Jennifer Eigenstetter

  1. Ms Eigenstetter is a registered nurse employed by Qantas.

  1. She first met the worker after Mrs Doci sprained her ankle in January 2008.  She’s been to the medical centre on numerous occasions in relation to the ankle injury.

  1. Mrs Doci made a claim for five days compensation in relation to a back injury.  The date of the injury is unspecified.  She sought to withdraw the claim almost immediately as it was likely to cause too much stress.  The worker claimed that Mr Olsen was bullying her.

  1. The worker sought assistance from Ms Eigenstetter on the day of her altercation with Mr El-Ali.  She confirmed that the worker was distressed. She also treated her after she injured her ankle. In her dealings with Mrs Doci she was always highly emotional and overreacted and was at times hysterical.

Berita Neal

  1. Ms Neal is employed by Qantas as an Airline Service Operator and Leading Hand.

  1. Ms Neal stated it is routine for a Supervisor or Resource Allocator to contact the Leading Hand first if they are attempting to contact the worker.  The Leading Hand would then speak to the worker and provide them with instructions.

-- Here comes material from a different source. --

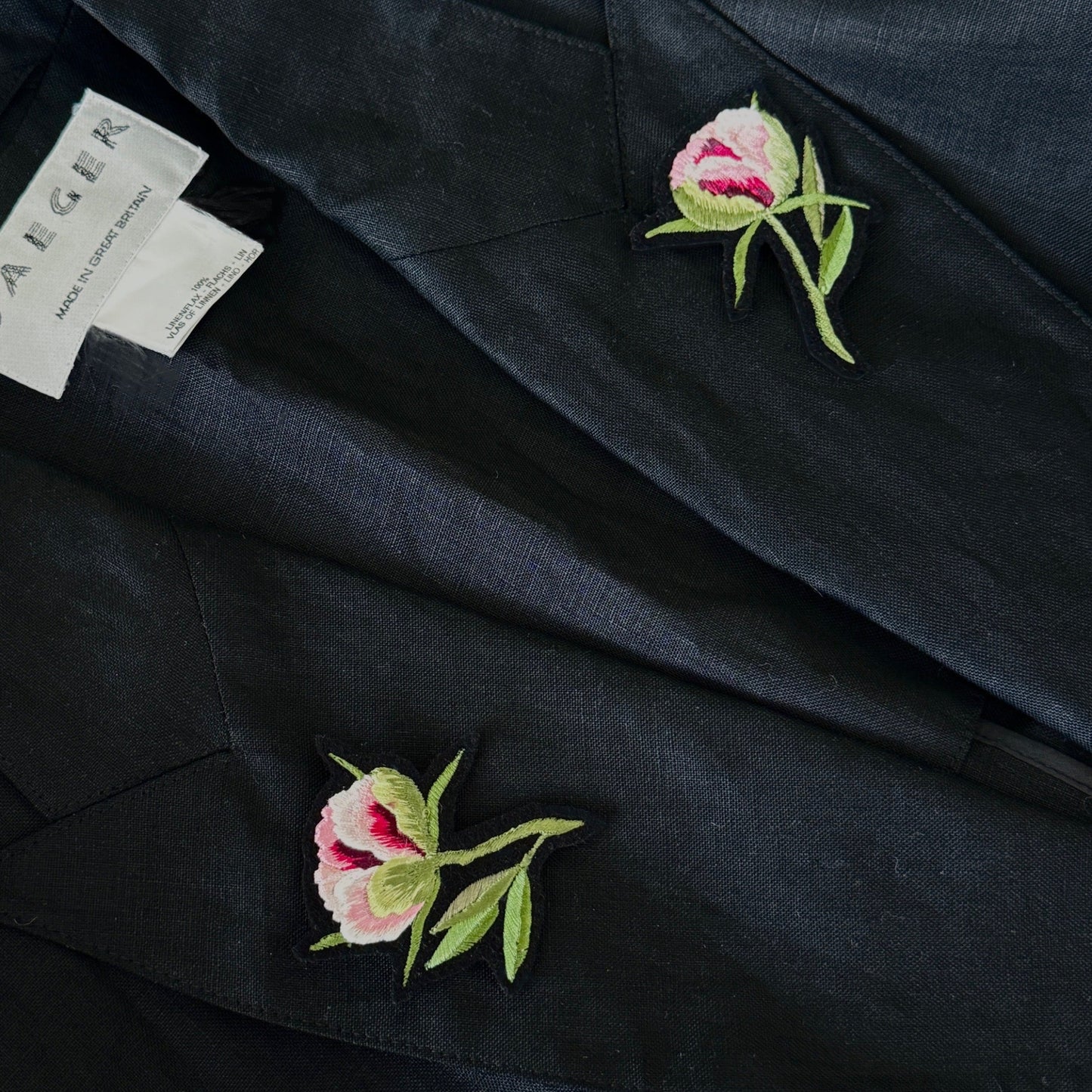 jacket, featuring two embroidered pink peony buds with green leaves on the lapels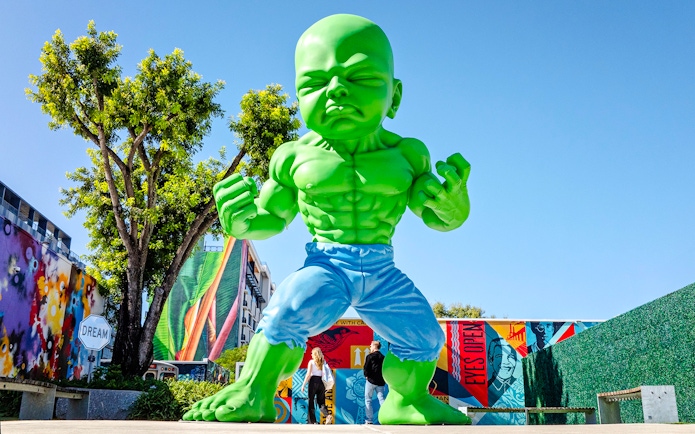 Giant green sculpture at Wynwood Walls Museum with colorful murals in Miami.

  1. Samir Cutuic is a Resource Allocator.  There were occasions when he contacted Ms Neal when he was looking for Mrs Doci, but this did not happen any more frequently than when he requested to see other workers in her area.

  1. In respect of the incident on 7 May 2008, Ms Neal confirmed that she was accused of laughing when Mrs Doci turned up for work.  Ms Neal explained that she was laughing because only a moment earlier she had told Mr El-Ali that she had not arrived for work.  She apologised for any misunderstanding.

Dr Ben Teoh

  1. Dr Ben Teoh is a consultant psychiatrist.  He prepared a report dated 9 June 2008 for Qantas Airways Ltd.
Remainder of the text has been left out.